Relatório de 2008 não foi apreciado
A propriedade de emissoras de televisão e rádio por pessoas que ocupam cargos políticos compromete o jogo democrático e desrespeita a Constituição Federal. Quando um parlamentar se torna concessionário de radiodifusão, ele acumula o exercício legislativo à atividade midiática, levando a distorções na forma como o veículo publiciza os fatos sociais, agravando uma prática presente nas indústrias culturais em geral. Quando o congressista é membro titular da comissão que analisa as outorgas de concessões, a concentração de poder nas suas mãos é ainda maior e fere de forma mais aguda a razão crítica e o equilíbrio das instituições sociais.

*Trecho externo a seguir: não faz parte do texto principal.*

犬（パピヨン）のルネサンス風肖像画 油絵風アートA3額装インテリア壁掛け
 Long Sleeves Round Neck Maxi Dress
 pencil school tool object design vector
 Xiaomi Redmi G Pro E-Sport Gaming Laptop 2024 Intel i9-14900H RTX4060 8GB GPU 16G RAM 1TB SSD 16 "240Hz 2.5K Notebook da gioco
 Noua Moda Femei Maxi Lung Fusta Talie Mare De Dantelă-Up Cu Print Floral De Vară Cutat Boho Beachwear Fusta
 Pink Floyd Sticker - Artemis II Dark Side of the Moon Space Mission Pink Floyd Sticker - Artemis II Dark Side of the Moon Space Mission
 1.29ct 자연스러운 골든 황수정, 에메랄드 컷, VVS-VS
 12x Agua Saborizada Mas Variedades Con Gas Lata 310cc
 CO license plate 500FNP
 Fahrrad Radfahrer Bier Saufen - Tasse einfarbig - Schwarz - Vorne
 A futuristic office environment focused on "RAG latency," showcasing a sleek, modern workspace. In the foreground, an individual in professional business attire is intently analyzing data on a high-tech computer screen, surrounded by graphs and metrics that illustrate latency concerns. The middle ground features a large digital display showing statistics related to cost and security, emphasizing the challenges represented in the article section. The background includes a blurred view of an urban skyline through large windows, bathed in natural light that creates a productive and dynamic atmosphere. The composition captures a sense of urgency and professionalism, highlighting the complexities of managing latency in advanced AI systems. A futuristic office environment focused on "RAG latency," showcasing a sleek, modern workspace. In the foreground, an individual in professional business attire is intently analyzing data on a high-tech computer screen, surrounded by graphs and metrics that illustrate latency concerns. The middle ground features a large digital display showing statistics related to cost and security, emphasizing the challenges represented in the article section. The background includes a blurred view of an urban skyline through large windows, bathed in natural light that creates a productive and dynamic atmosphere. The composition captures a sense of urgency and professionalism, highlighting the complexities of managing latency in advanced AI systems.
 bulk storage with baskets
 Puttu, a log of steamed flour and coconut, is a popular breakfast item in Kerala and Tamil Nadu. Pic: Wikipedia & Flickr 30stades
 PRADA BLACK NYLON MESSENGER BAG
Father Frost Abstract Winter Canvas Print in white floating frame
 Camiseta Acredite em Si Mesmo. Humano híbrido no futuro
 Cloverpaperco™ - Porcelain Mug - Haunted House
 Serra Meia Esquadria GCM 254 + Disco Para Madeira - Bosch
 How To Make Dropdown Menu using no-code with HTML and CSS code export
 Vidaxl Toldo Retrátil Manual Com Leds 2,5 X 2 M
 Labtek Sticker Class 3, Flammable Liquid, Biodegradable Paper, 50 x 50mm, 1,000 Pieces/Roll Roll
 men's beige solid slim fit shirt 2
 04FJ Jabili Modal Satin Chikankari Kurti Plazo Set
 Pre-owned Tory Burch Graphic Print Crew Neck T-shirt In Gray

Esta situação de subordinação dos interesses públicos aos privados de um grupo de parlamentares é absolutamente antagônica ao direito à comunicação e às demandas de pluralidade e diversidade que deveriam nortear a atividade midiática.
Não há justificativa para um parlamentar manter concessão de rádio ou TV, já que ele dispõe da estrutura estatal para se comunicar com eleitores e cidadãos. Isto favorece a barganha política e a transformação das autorizações e renovações em moeda de troca por votos, como historicamente tem ocorrido. O artigo 54 da Constituição Federal afirma que senadores e deputados federais não poderão, desde a expedição do diploma, “firmar ou manter contrato com pessoa jurídica de direito público, autarquia, empresa pública, sociedade de economia mista ou empresa concessionária de serviço público, salvo quando o contrato obedecer a cláusulas uniformes” e não poderão exercer cargo, função ou emprego remunerado nestas entidades; desde a posse, não poderão “ser proprietários, controladores ou diretores de empresa que goze de favor decorrente de contrato com pessoa jurídica de direito público, ou nela exercer função remunerada”. O artigo 55 estabelece que perderá o mandato o senador ou deputado “que infringir qualquer das proibições estabelecidas no artigo anterior”.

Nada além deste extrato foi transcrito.